On Wed, Aug 26, 2015 at 8:35 PM, Alec Lee <[email protected]> wrote:

> For dealing with such type of problem, seems trident is better than
> spout+bolts even latter is easier to understand and learn?
>
> AL
>
> On Aug 25, 2015, at 9:31 PM, Kishore Senji <[email protected]> wrote:
>
> Agreed. This makes sense if the aggregation is on fields etc.
>
> Although Alec did not mention it in this post, based on his previous posts
> on the same topic, I would assume he is trying to  sort the events because
> he wanted to "fill in" the missing events (smoothening the curve so to
> speak) by looking at the previous and next events of the missed timestamp
> and then do some stream processing on top of it (like for example alerting
> based on sliding window). Assuming that is the scenario, I guess then he
> would have to keep more metadata in the State so that he can fill in those
> events but the question would be when would he stop looking for missing
> events and fill them and move on (as they can come in different batches),
> plus he would have to do some stream processing (or store them to ES for
> later search for example) in the State itself if there is any such
> processing. This is where I think it gets tricky to do this in the
> partition aggregator.
>
> So in our earlier posts we suggested he can do the the appropriate
> partitioning in Kafka (so that events from a given device ends up in the
> same partition) and he could do the window based sorting (by buffering few
> events) in the Stream processing.
>
> Alec, Please ignore the above if my assumption is not correct.
>
>
> On Tue, Aug 25, 2015 at 6:19 PM, Andrew Xor <[email protected]>
> wrote:
>
>> This is not an issue, as that probably would be done through a partition
>> aggregator after the groupBy.
>>
>> Kindly yours,
>>
>> Andrew Grammenos
>>
>> -- PGP PKey --
>> ​ <https://www.dropbox.com/s/2kcxe59zsi9nrdt/pgpsig.txt>
>> https://www.dropbox.com/s/yxvycjvlsc111bh/pgpsig.txt
>> <https://www.dropbox.com/s/ei2nqsen641daei/pgpsig.txt>
>>
>> On Wed, Aug 26, 2015 at 4:16 AM, Kishore Senji <[email protected]> wrote:
>>
>>> Interesting.
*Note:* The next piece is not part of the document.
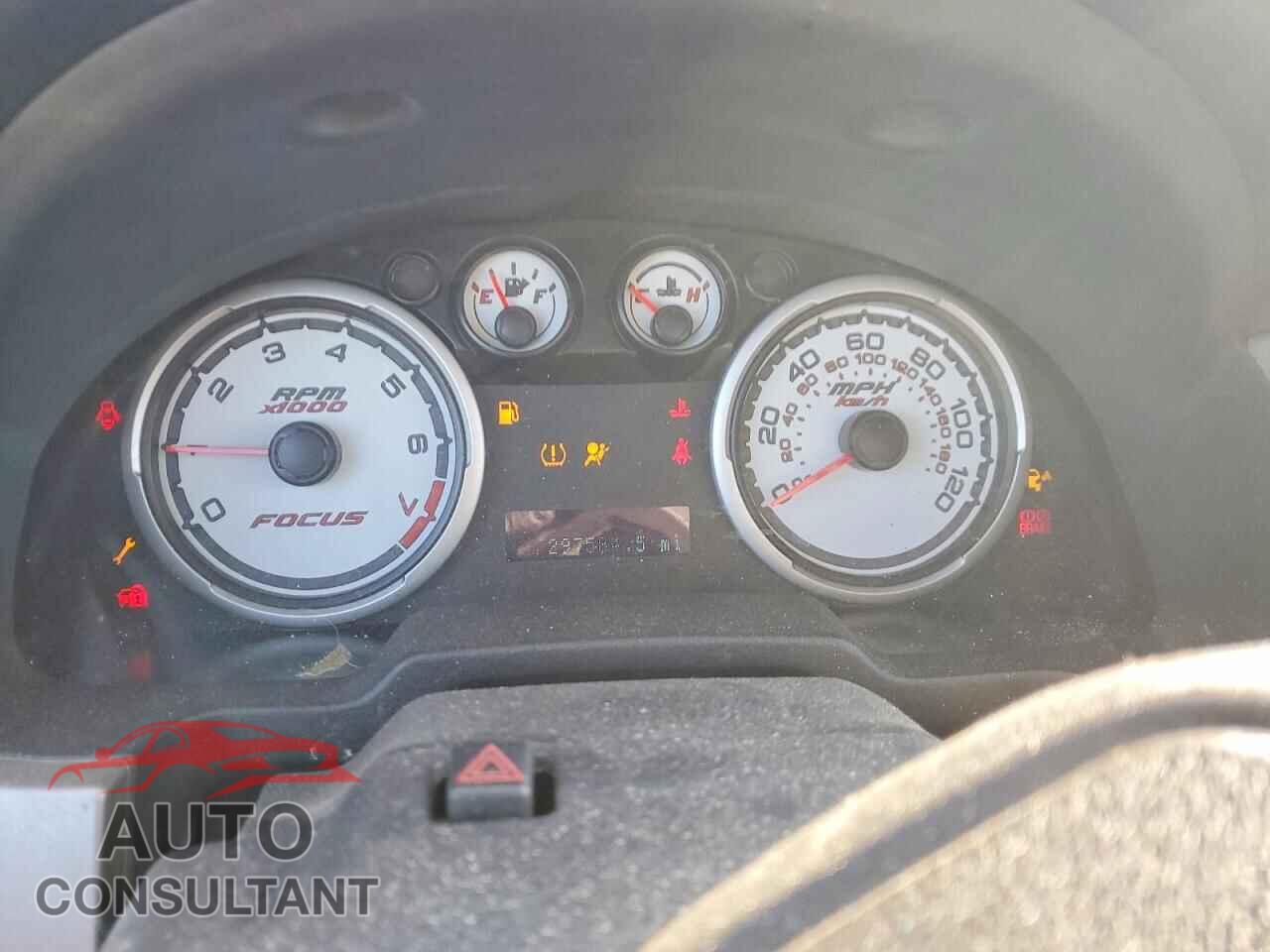 FORD FOCUS 2009 - 1FAHP37N59W102914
But wouldn't this be impacted by the trident batch size?
>>>
>>> Assuming the batch boundary is like below, after bucketing you would
>>> groupBy on the start time (but how would you sort it?) and assumed it can
>>> be sorted, we should be done with that batch. so if the batch boundary is
>>> like below, you would end up with two different sets of sorts for events
>>> which are supposed to be together (12:44, 12:45 & 12:46 below). If I
>>> understand the original question, it is how to sort the full stream of
>>> events irrespective of how they are processed in batches.
>>>
>>> 2013-03-22 12:43:00-07:00
>>> 2013-03-22 12:44:00-07:00
>>> 2013-03-22 12:45:00-07:00
>>> 2013-03-22 12:49:00-07:00
>>> 2013-03-22 12:47:00-07:00
>>> --------------------------------------
>>> 2013-03-22 12:48:00-07:00
>>> 2013-03-22 12:46:00-07:00
>>> 2013-03-22 12:51:00-07:00
>>> 2013-03-22 12:50:00-07:00
>>> 2013-03-22 12:52:00-07:00
>>>
>>>
>>>
>>>
>>> On Tue, Aug 25, 2015 at 4:58 PM, Andrew Xor <[email protected]
>>> > wrote:
>>>
>>>> Yes, unless I am missing something... try it and if you have any more
>>>> problems drop an email.
>>>>
>>>> Regards.
>>>>
>>>> Kindly yours,
>>>>
>>>> Andrew Grammenos
>>>>
>>>> -- PGP PKey --
>>>> ​ <https://www.dropbox.com/s/2kcxe59zsi9nrdt/pgpsig.txt>
>>>> https://www.dropbox.com/s/yxvycjvlsc111bh/pgpsig.txt
>>>> <https://www.dropbox.com/s/ei2nqsen641daei/pgpsig.txt>
>>>>
>>>> On Wed, Aug 26, 2015 at 2:46 AM, Alec Lee <[email protected]> wrote:
>>>>
>>>>> WoW, that code seems to be exactly I want, will read through, double
>>>>> check, I will still need a partition aggregator to actually sorting after
>>>>> bucketization, right?
>>>>>
>>>>> thanks
>>>>>
>>>>>
>>>>> On Aug 25, 2015, at 4:40 PM, Andrew Xor <[email protected]>
>>>>> wrote:
>>>>>
>>>>> Sure, I found this code useful to start with; he does bucketization
>>>>> for timed intervals in this gist
>>>>> <https://gist.github.com/codyaray/75533044fc8c0a12fa67>.
>>>>>
>>>>> Hope this helps.
>>>>>
>>>>> Kindly yours,
>>>>>
>>>>> Andrew Grammenos
>>>>>
>>>>> -- PGP PKey --
>>>>> ​ <https://www.dropbox.com/s/2kcxe59zsi9nrdt/pgpsig.txt>
>>>>> https://www.dropbox.com/s/yxvycjvlsc111bh/pgpsig.txt
>>>>> <https://www.dropbox.com/s/ei2nqsen641daei/pgpsig.txt>
>>>>>
>>>>> On Wed, Aug 26, 2015 at 2:36 AM, Alec Lee <[email protected]>
>>>>> wrote:
>>>>>
>>>>>> All right, will do trident instead, shameless to ask again, any
>>>>>> example code (particularly for events time sorting) to study?
>>>>>>
>>>>>> thanks
>>>>>>
>>>>>>
>>>>>> On Aug 25, 2015, at 4:31 PM, Andrew Xor <[email protected]>
>>>>>> wrote:
>>>>>>
>>>>>> Well, if you need to just preserve the order of received (event)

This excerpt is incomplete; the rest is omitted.